Vanishing Girls by Lauren Oliver
Genre: Action/Adventure, Contemporary, Paranormal, Suspense/Mystery
Length: Full (357 pgs)
Age Recommendation: 14+
Rating: 3.5 stars
Review by: Lupine
Dara and Nick used to be inseparable, but that was before the accident that left Dara’s beautiful face scarred and the two sisters totally estranged. When Dara vanishes on her birthday, Nick thinks Dara is just playing around. But another girl, nine-year-old Madeline Snow, has vanished, too, and Nick becomes increasingly convinced that the two disappearances are linked. Now Nick has to find her sister, before it’s too late.
In this edgy and compelling novel, Lauren Oliver creates a world of intrigue, loss, and suspicion as two sisters search to find themselves, and each other.
I enjoyed Vanishing Girls.

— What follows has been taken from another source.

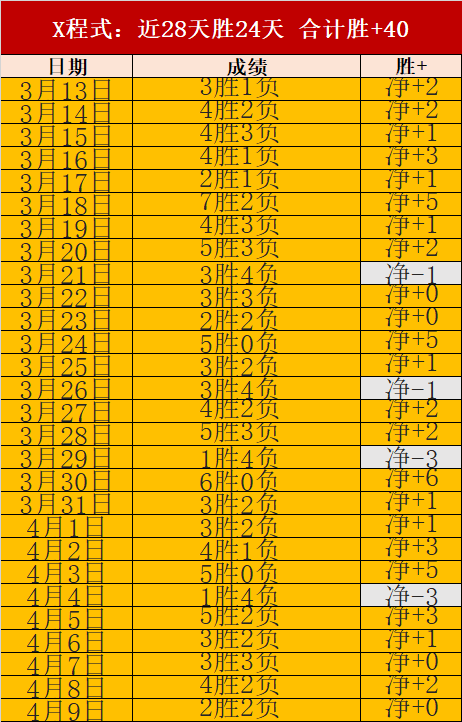 外媒,曼联即便替,补荒也力挺,完美体育,WMSports,完美体育网址,完美体育app,完美体育官网,完美体育集团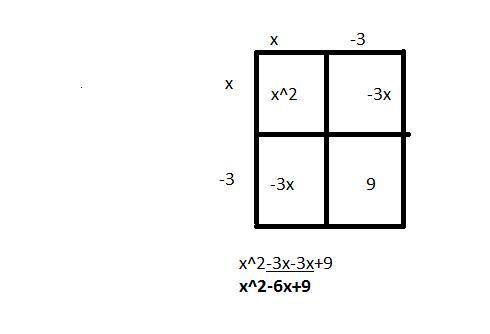 Which is another way of correctly expressing (x - 3)(x - 3)?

I easily connected with the protagonist, and I liked her outlook on life and how she dealt with the accident that left her and Dara estranged.
I really liked Nick’s determination when it came down to solving the cases of disappearing girls, and the fact that the book focused more on her and how she in particular developed and matured was different from other books I’ve read of late. It’s been a long time since I’ve been able to read something that focuses in on the main character and her internal growth rather than a romance between her and a boy. I’m part of the target age group for this novel and I wish more authors would realize we aren’t all reading for romantic angst.
I struggled with the constant use em-dashes. The author has a constant use of dashes and very long, over the top descriptions that really don’t pertain to the matter at hand and can be super distracting from the original topic. Though she does a wonderful job manipulating the words into something beautiful, I don’t need to know how that smell reminds Nick of that time when she was a kid and happy and she was in a different place doing something else when really I need to know where she’s going to that day.
I both hated and loved the end, because it was a turning point for Nick and a place when she could breathe and move on with her life. I did have a major “How does the even work?” moment at the end, though, when something was revealed. I’ve re-read the book, hoping to see something underlying that I didn’t before, but I still remain confused on how the author manages to execute the two differing points of views for reasons I don’t want to reveal as it would ruin the ending. This confusion was the main reason this book didn’t rate higher.
Aside from that, though, Vanishing Girls is another good story from the author. I’m a fan of hers, and look forward to reading more of her work.